Imagine you are in a room. The room has one window. One window that is grimy, dusty, and brown. It lets light in -- barely. This room is well lit though. In fact, there are lights everywhere. Not a single shadow. What use is the light from the window then?
People live their lives in this room, eating, drinking, working, playing, being born, dying. Even as one by one the lights go out, they pretend as if all is well. There’s still enough light to see by. Until there’s not.
As the lights go out, some begin to see that there is light outside of the room. Some think it insignificant , so they remain content with the light of the room, perhaps even trying to fix the lights which have gone out. But some realize the outside light for what it is -- the sun. They know not how bright its light shines, but they know it must be very radiant indeed to be able to shine through the cakes of dirt and dust layered on the window.
The more lights in the room go out, the more people see the hint towards outside brilliance, and they long for it. And when all the lights go out, those who think the light of the window nothing fall into hopelessness and despair, wishing only for the past, when the light of the room was bright. But some hope for the light outside.
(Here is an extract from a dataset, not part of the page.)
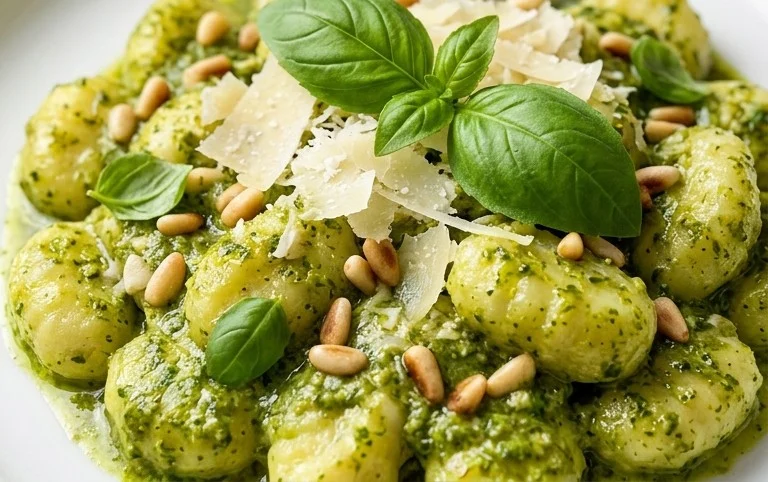 Creamy Pesto Gnocchi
Until someone unlocks the door.
The room is just that -- a room. But outside are no walls. There are mountains and oceans, fields and rivers, an endless expanse of beauty and life. And there, also, is the Sun, the Great Light which shines brighter than a thousand thousand lights of any other kind. Those who denied or ignored its existence are shocked by just how silly they were to believe only in the light of the room, but even those who guessed at the Light are undone by the majesty and glory of the More that exists outside of what they have always known. Here the light never goes out, and its brilliance relegates the old lights of the room to obsolete insignificance.